### Try it
Transcribe the data that follows in full. Leave out the pictures.

### Source material
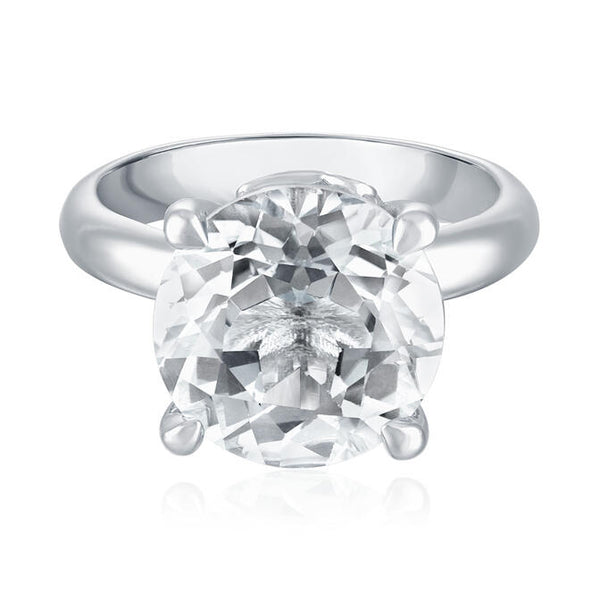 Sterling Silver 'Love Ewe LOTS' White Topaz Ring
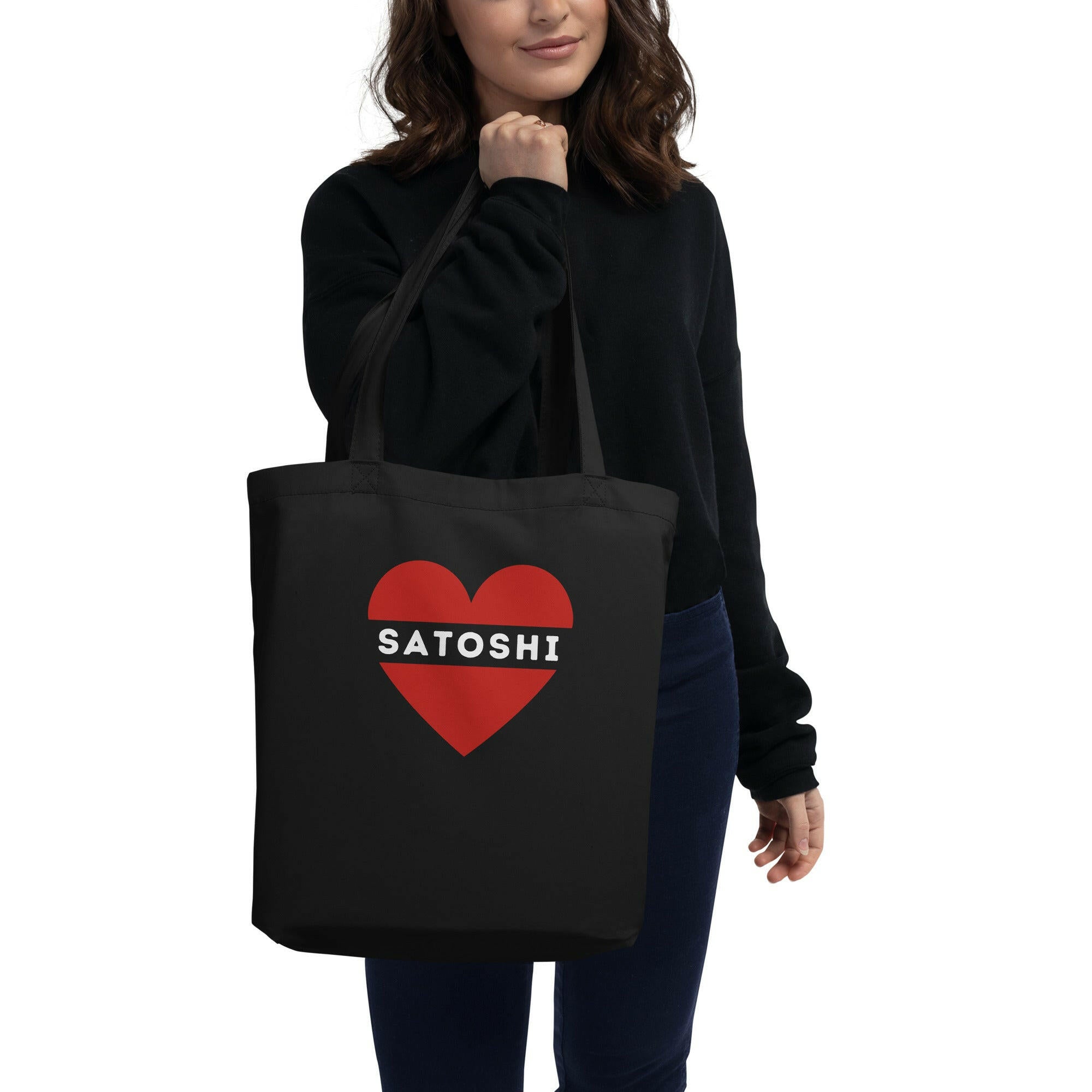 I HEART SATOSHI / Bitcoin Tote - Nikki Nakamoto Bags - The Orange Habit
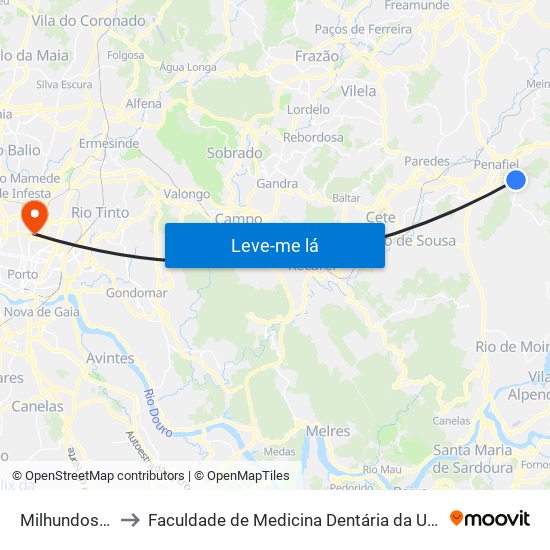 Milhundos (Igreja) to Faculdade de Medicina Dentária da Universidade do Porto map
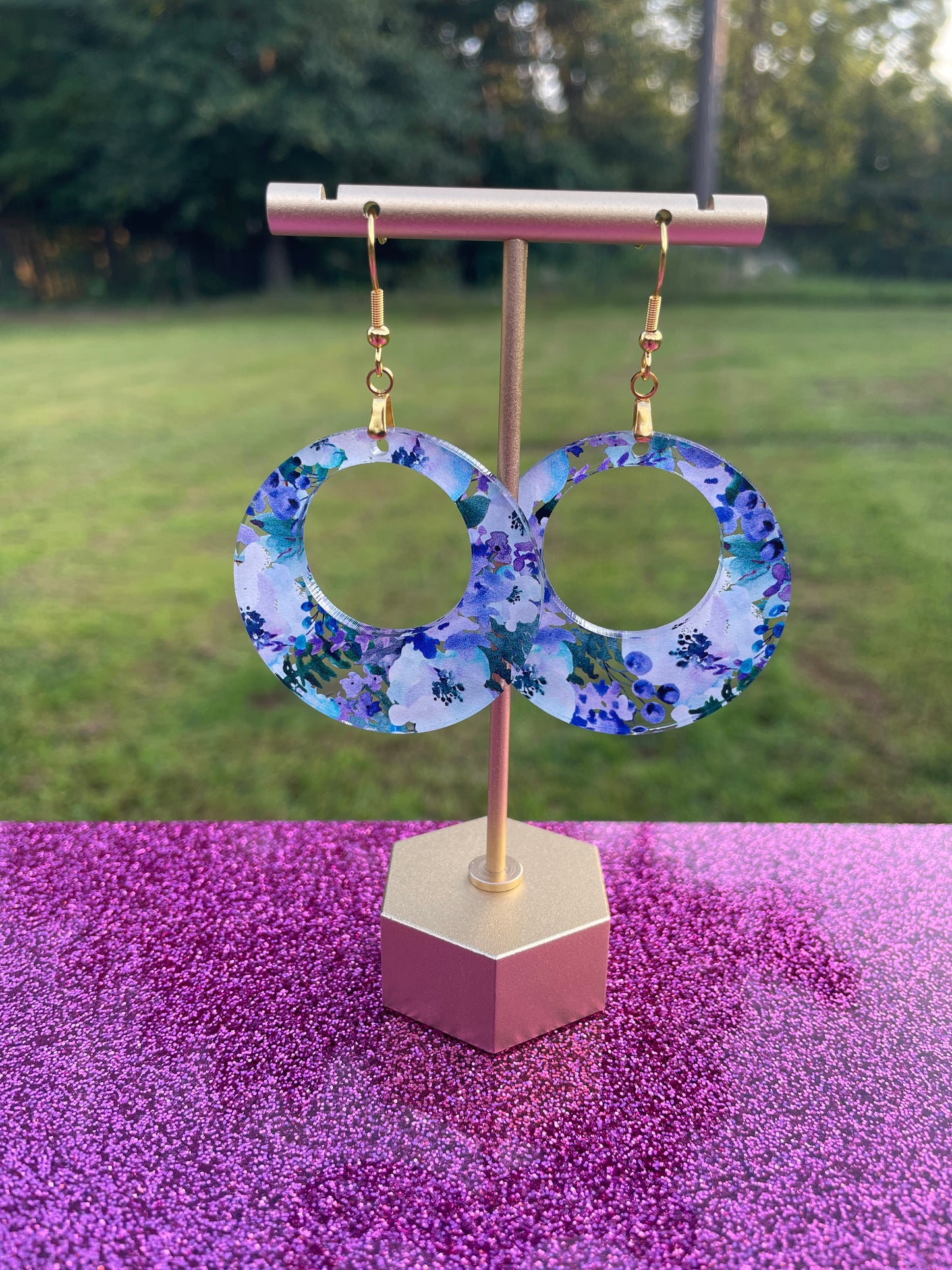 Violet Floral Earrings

### Answer area
 Sterling Silver 'Love Ewe LOTS' White Topaz Ring
 I HEART SATOSHI / Bitcoin Tote - Nikki Nakamoto Bags - The Orange Habit
 Milhundos (Igreja) to Faculdade de Medicina Dentária da Universidade do Porto map
 Violet Floral Earrings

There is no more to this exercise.